The technology for this application was built in partnership with Microsoft, and involved retro-fitting existing CCTV cameras with smart technology. This avoided the need for ships to be taken out of action while the entire camera network was upgraded with computer vision cameras.
“We have massive ships – we didn’t want to take them out of service, gut them and put sensors in, so we worked with Microsoft to understand how we could leverage our existing and somewhat antiquated CCTV cameras.
“Microsoft was a great partner … we threw our data scientists at the problem, and we’ve been able to take old cameras, as well as fisheye cameras, and detect humans through the use of AI.
“There’s a tonne of use cases – it gives us information on things like table turnover times in restaurants, and we’re going to start using it from this summer to alert crew members when lines are backing up.”
This will mean crew can be redeployed in real time to wherever their services are in demand.
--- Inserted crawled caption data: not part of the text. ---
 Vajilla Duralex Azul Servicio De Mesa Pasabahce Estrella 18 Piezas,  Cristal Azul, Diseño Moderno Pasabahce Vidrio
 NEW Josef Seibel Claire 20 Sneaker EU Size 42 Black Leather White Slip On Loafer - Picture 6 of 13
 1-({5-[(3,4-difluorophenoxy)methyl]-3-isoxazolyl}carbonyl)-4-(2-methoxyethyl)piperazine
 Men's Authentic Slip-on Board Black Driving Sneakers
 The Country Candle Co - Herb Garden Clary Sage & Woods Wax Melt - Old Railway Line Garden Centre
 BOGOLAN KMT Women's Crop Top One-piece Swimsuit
Another initiative is aimed at cutting down on food that goes to waste on board cruise liners. With 65,000 plates of food served daily aboard the vessel Symphony of the Seas, AI helps make decisions about how much food should be stocked to ensure guests don’t go hungry while keeping wastage to a minimum.
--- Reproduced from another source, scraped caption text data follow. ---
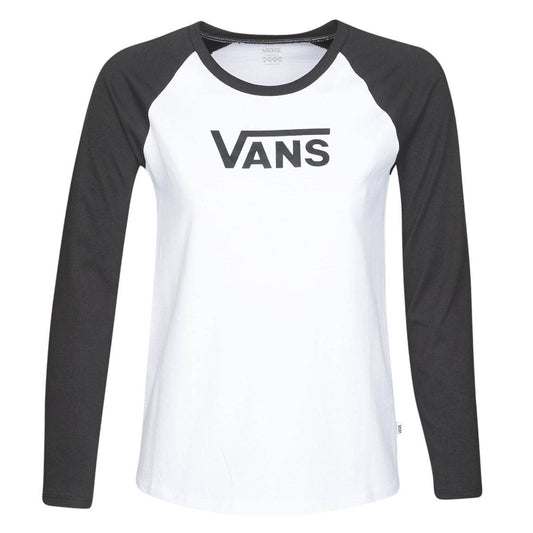 T-shirts a maniche lunghe Donna Vans  FLYING V LS RAGLAN  Bianco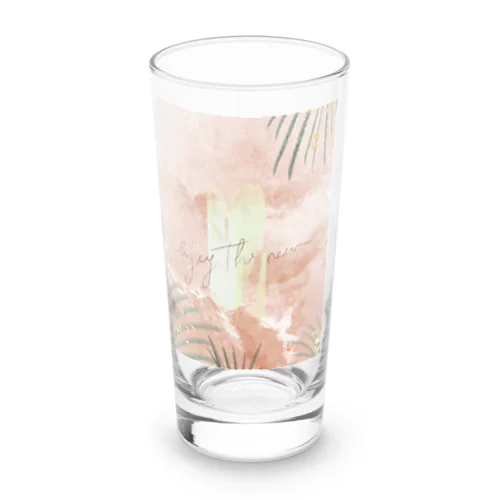 南国風ピンク Long Sized Water Glass
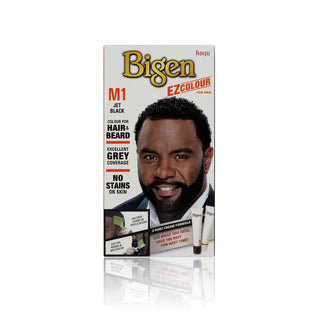 Bigen EZ Hair & Beard Dye M1 Jet Black for Men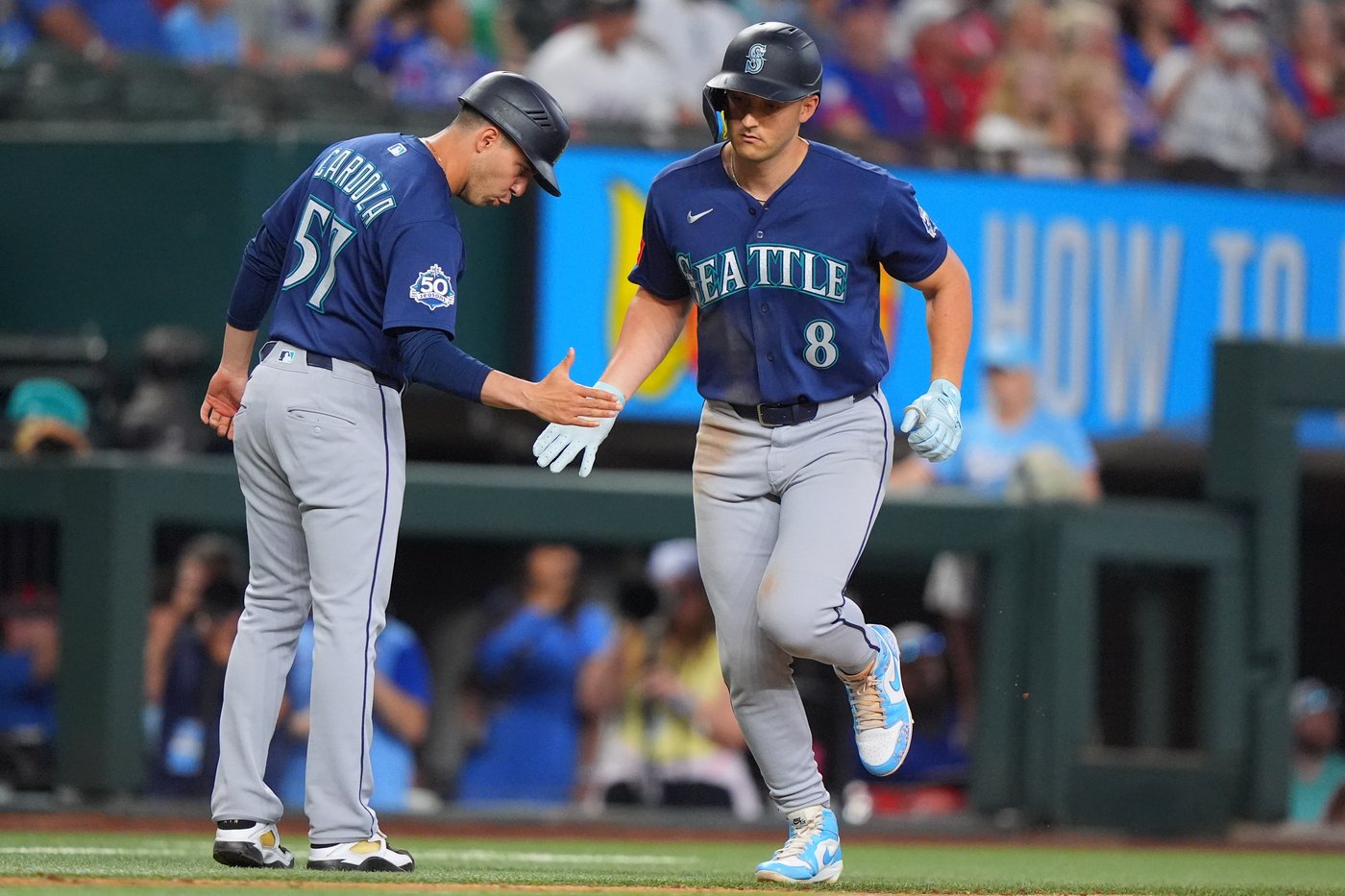 Dominic Canzone hits go-ahead 3-run homer as Mariners rally for 6-4 win over Rangers | iNFOnews.ca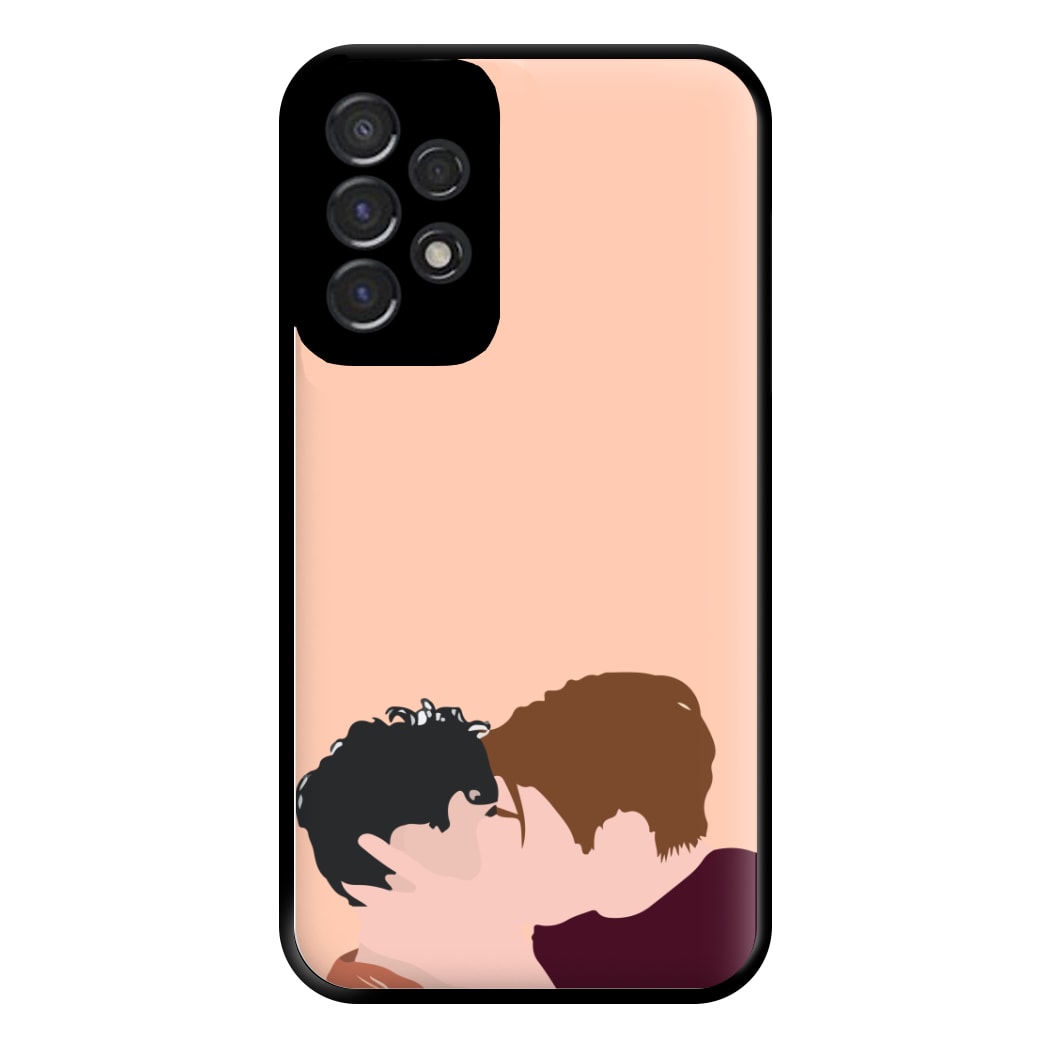 Nick And Charlie Kissing - Heart TV Phone Case for Galaxy A53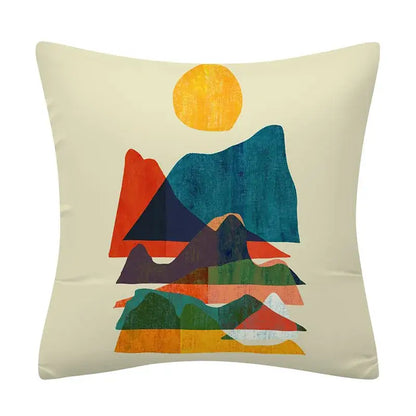 Abstract geometry pattern cushion cover living room throw pillowcase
“We like to think we’re probably the most sustainability-friendly cruise line – and one of the things we’ve focused on when deploying AI is working towards our goals of improving sustainability. Outside of the cost savings, and improved freshness of the food we serve, it has sustainability benefits … we’ve seen a reduction in food waste as a result of this pilot, ” says Schneider.
The most recent application – which began trials just weeks ago – is Royal Caribbean’s chatbot, styled as a virtual concierge, which allows passengers to ask questions about their voyage, destinations, or how they should spend their time on board.
“The whole idea, again, is to pull people out of lines – we don’t want passengers waiting in line at guest services to get questions answered, we want them to be able to get the information they need right away, ” Schneider tells me.
The chatbot employs NLP and machine learning to understand what the most commonly asked questions are, and become more efficient at providing personalised answers. It uses a “human-inthe-loop” model, meaning that if it can’t work out what a customer wants, a human customer service agent is paged into the conversation. The NLP algorithms are then capable of learning how they could have tackled the question, by monitoring the human agent’s response.
With this, as with its other AI initiatives, Royal Caribbean follows a model of carefully monitored, smallscale trial deployments, before individual initiatives are put into organisation-wide use.
Schneider tells me “We believe we get the best results with this method … test, adjust, scale … rather than ‘ready, fire, aim’ – which the rest of our industry seems to do! So, once we’ve carefully tested it and we’re sure it’s ready to go, we will scale it.”
When it comes to gathering data, cruise operators like Royal Caribbean are in a unique position, as they effectively function as hotels, food and beverage providers, supply chain and logistics operations, shipping operators and entertainment and gaming companies, all rolled into one.
This means customer journeys can be tracked and data gathered across all of these functions, enabling a holistic approach to data-driven customer service.
“As you can imagine, ” Schneider says, “there are any number of opportunities … we’ve focused on yield management in cabin occupancy … the list goes on.
“We’re focused on testing, adjusting and scaling examples of where we can use AI to change the customer and the crew experience. Not everything has been successful, but the vast majority have shown early signs of success, and we’ve been extremely thrilled with the results so far.”